Pouvoirs publics ou pouvoir privé ?

14 août 2017
Docteur François-Marie Michaut


Elle n'est pas morte la vieille opposition entre le collectif et l'individuel, c'est à dire le public et le privé. Lequel doit primer l'autre ? Tels deux frères ennemis, ils semblent se livrer un interminable combat. Mais en silence : pas de débat public digne de ce nom. L'air du temps, pour nous depuis 1945, sous l'influence jamais démentie des élites intellectuelles nourries au biberon marxiste (1), favorise le collectif. Tout ce qui est personnel est considéré comme suspect, et le proverbe l'union fait la force est pris au pied de la lettre. La mythologie de l'équipe fédérant les forces disponibles, comme dans les sports collectifs a gagné les esprits. Brain storming, travaux de groupe, institutions, églises, partis et associations, tel est devenu notre catéchisme implicite. Un ensemble est plus et autre chose que la somme des éléments le constituant nous affirment les systémiciens : tel est le credo dominant du moment.

Pour tout esprit simplement curieux, des observations s'imposent. Toute découverte, en médecine comme ailleurs, ne sort que d'un cerveau qui prend la liberté de ne plus voir une chose comme les autres le font. Qu'il faille ensuite tout un dispositif, parfois fort complexe, pour aller jusqu'au bout d'une recherche ne change rien à l'affaire. Dans le domaine artistique, il n'est de créateur qu'une personne travaillant dans la solitude.

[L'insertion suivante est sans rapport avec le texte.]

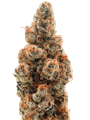 True Genetics | The Don | 3.5g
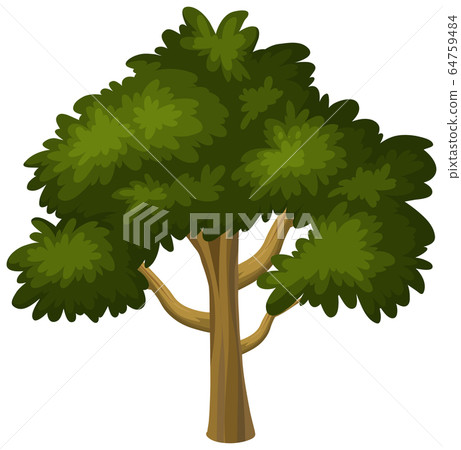 One big tree on white background - Stock Illustration [64759484] - PIXTA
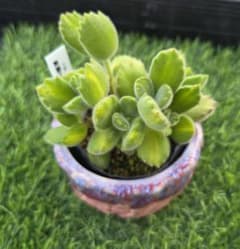 cf様 リクエスト 2点 まとめ商品 - メルカリ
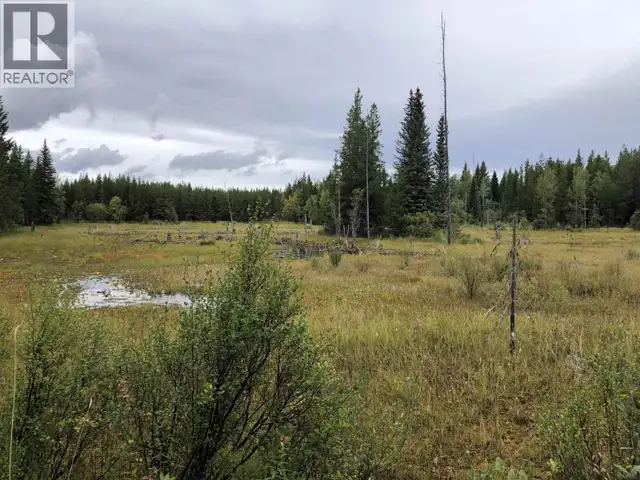 DL 4260 E PALLING ROAD Burns Lake, British Columbia in Land for Sale in Burns Lake - Image 10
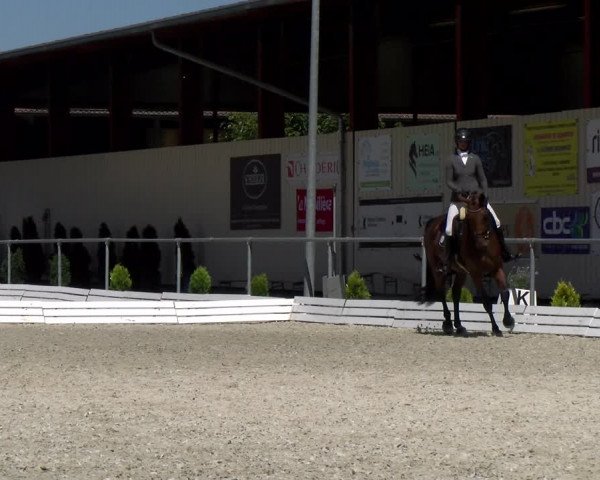 Reitturnier Dompierre 2022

Ce propos pourrait sembler d'ordre purement théorique, voire métaphysique, s'il n'avait pas une implication dans les soins de santé. Tel un buldozer, le système hospitalier public est parvenu en quelques dizaines d'années à prendre le contrôle de l'exercice de la médecine. De la formation universitaire, sous son monopole exclusif, à la mise en place d'établissements se prévalant de «plateaux techniques» servis par un personnel nombreux, la machine publique veut investir tous les domaines.

Avec un échec cuisant : celui de la médecine générale. Et, que mes amis spécialistes ne s'en choquent pas, je classe dans ce tiroir, tous les praticiens exerçant individuellement. Cette survivante des temps anciens, où le médecin dans son cabinet médical, dans son quartier ou dans son village constituait un élément indispensable à la vie de ses patients. Oui, il fut un notable, souvent respecté, parfois haï, de temps en temps aimé. Fonction de facilitateur de liens sociaux,insoluble dans quelque organisation à plusieurs têtes que ce soit. Pas de nostalgie : on a tué les notables, ils avaient fait leur temps. La nature ayant, c'est bien connu, horreur du vide, quelque chose surviendra.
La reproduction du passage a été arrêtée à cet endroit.